INSTRUCTIONS FOR THE TASK: All the data should be repeated exactly. Any image in it is left out.

[Crawled caption data]
=== Begin Enclosure ===
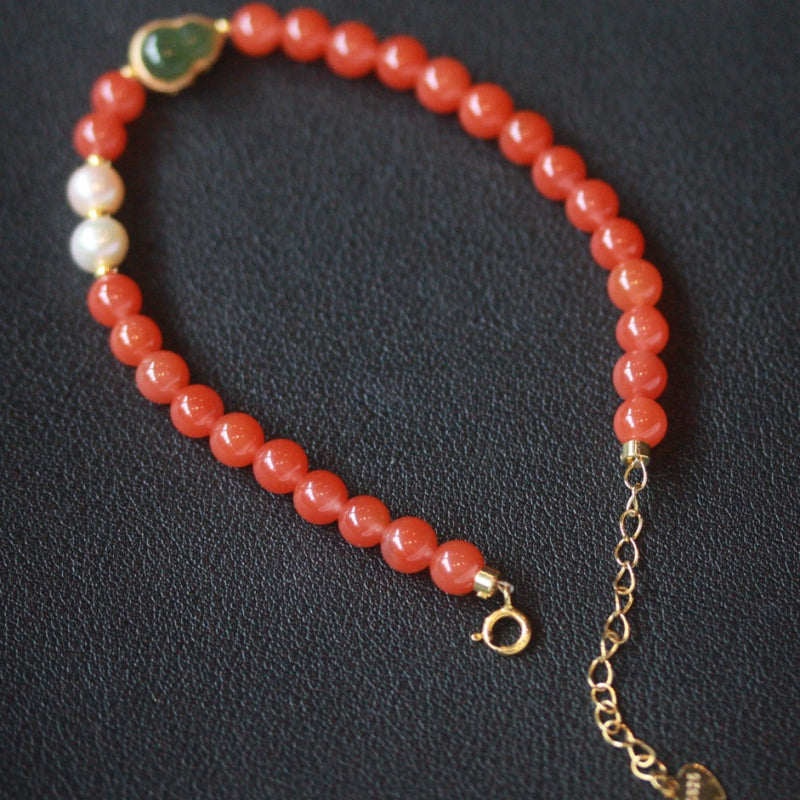 Natural Sichuan Nanhong Agate Bracelet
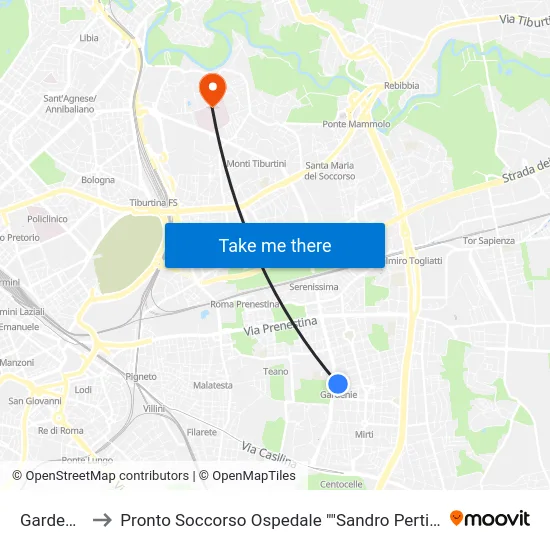 Gardenie to Emergency Room Sandro Pertini Hospital map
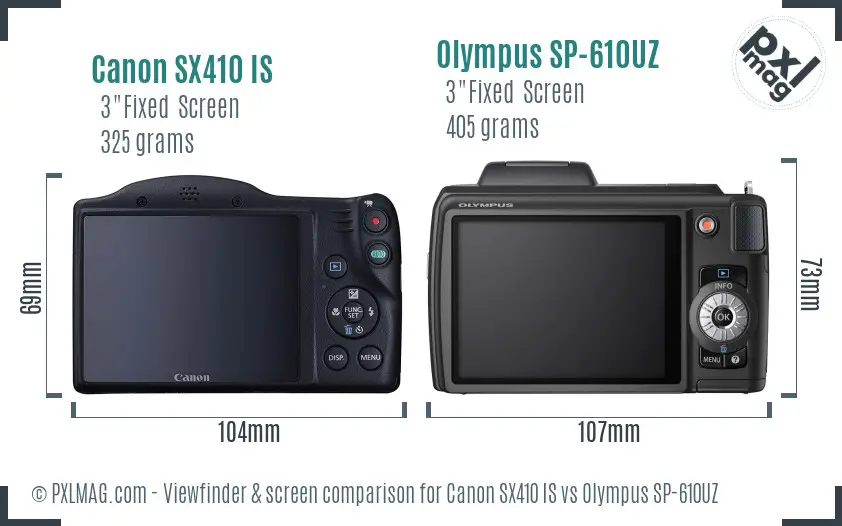 Canon SX410 IS vs Olympus SP-610UZ Screen and Viewfinder comparison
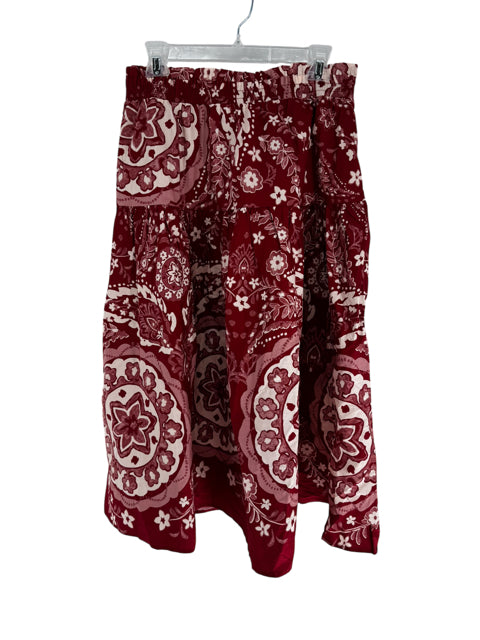 Size L Red Print Skirt
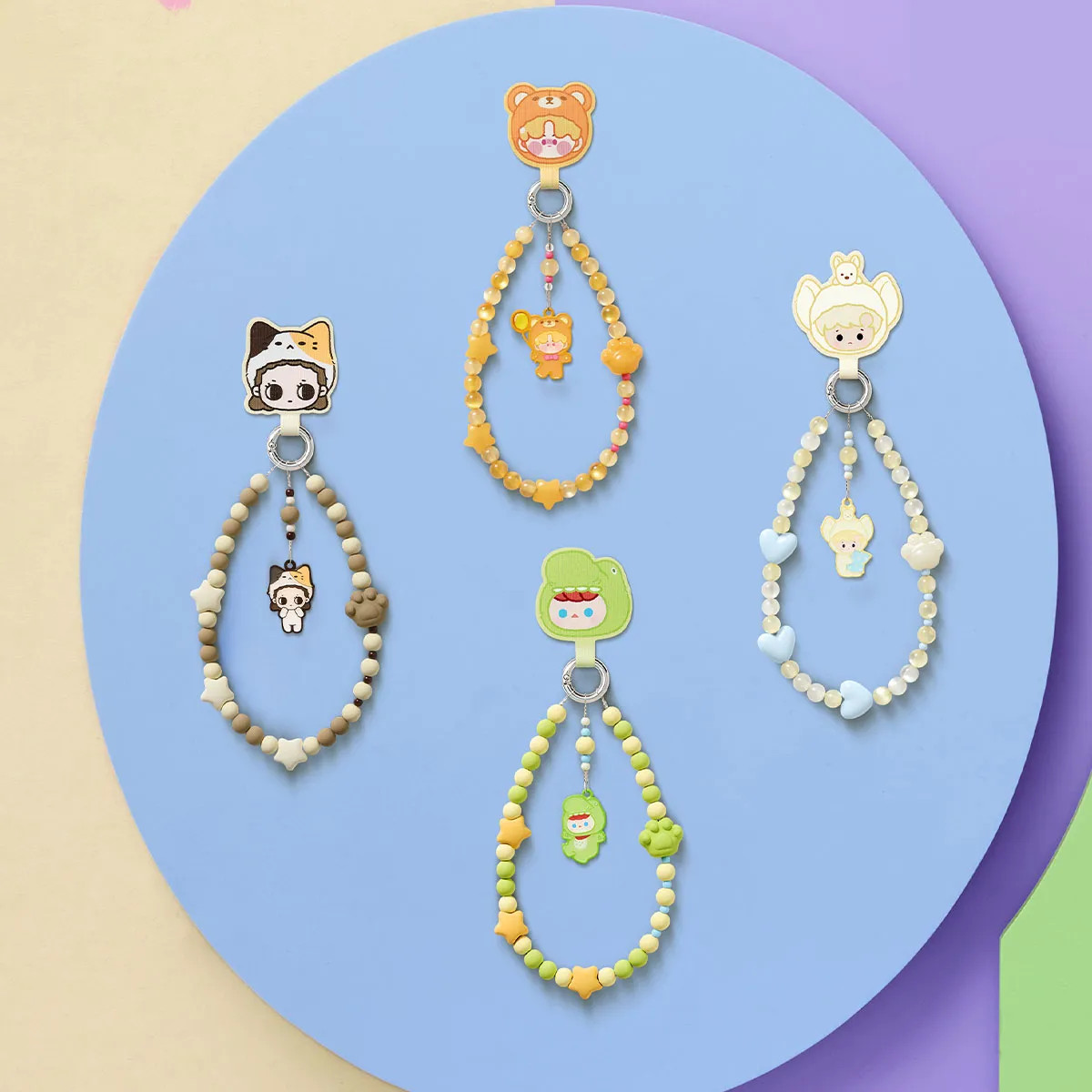POP MART Pop Bean Pajama Party Phone Charm Pino Jelly Gummy Bear New Authentic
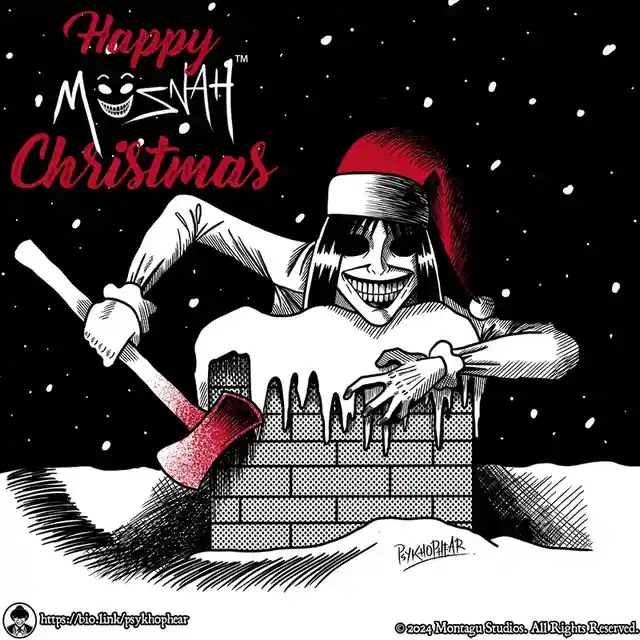 A black-and-white horror illustration shows a skeletal, smiling figure wearing a red Santa hat, emerging from a snow-covered…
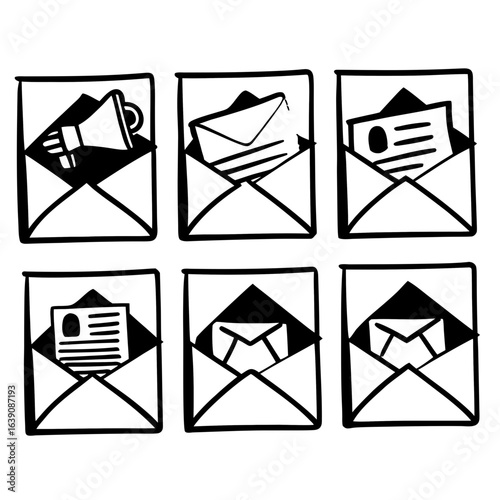 Hand drawn mail and marketing icons set isolated on white background featuring envelopes and profiles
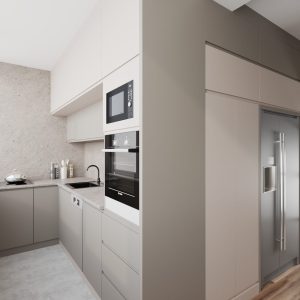 Compact kitchen design with refrigerator and custom cabinetry – Intervibe Studio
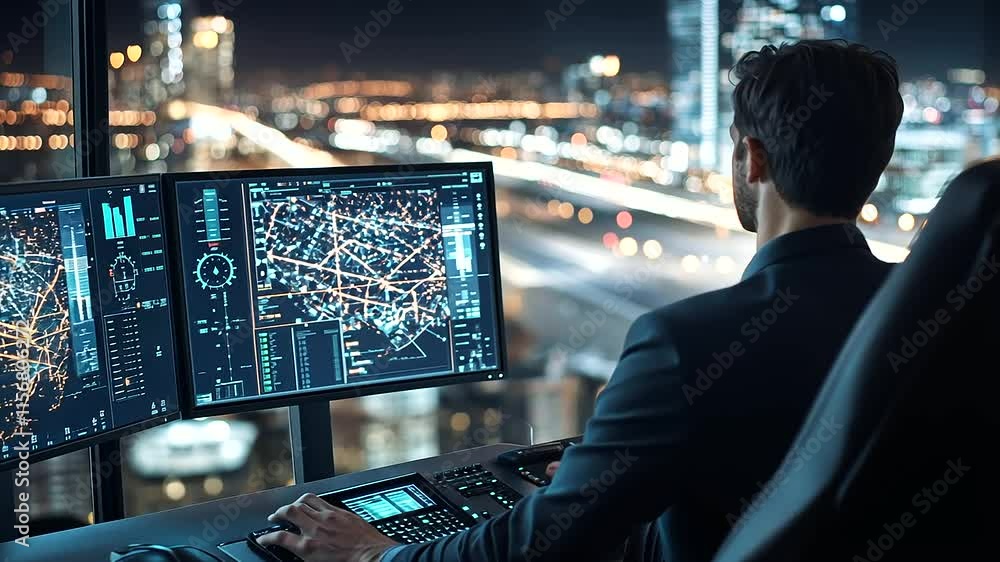 Poster a modern flight simulator environment with a pilot practicing nighttime navigation, monitors showing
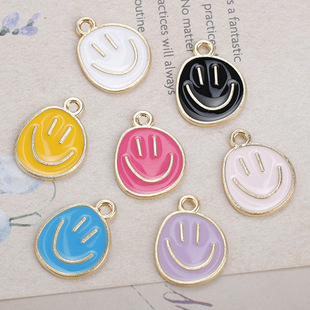 DIY Korean Style Oil Dripping Alloy Pendant Earrings Accessories Pendant Earrings Smiley Face Necklace Key Chain Bracelet Small Size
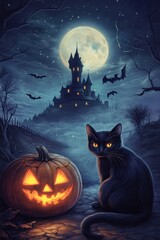 Enchanting Night with Cat and Pumpkin Near Gothic Castle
=== End Enclosure ===
WRITTEN ANSWER:
 Natural Sichuan Nanhong Agate Bracelet
 Gardenie to Emergency Room Sandro Pertini Hospital map
 Canon SX410 IS vs Olympus SP-610UZ Screen and Viewfinder comparison
 Size L Red Print Skirt
POP MART Pop Bean Pajama Party Phone Charm Pino Jelly Gummy Bear New Authentic
 A black-and-white horror illustration shows a skeletal, smiling figure wearing a red Santa hat, emerging from a snow-covered…
 Hand drawn mail and marketing icons set isolated on white background featuring envelopes and profiles
 Compact kitchen design with refrigerator and custom cabinetry – Intervibe Studio
 Poster a modern flight simulator environment with a pilot practicing nighttime navigation, monitors showing
 DIY Korean Style Oil Dripping Alloy Pendant Earrings Accessories Pendant Earrings Smiley Face Necklace Key Chain Bracelet Small Size
 Enchanting Night with Cat and Pumpkin Near Gothic Castle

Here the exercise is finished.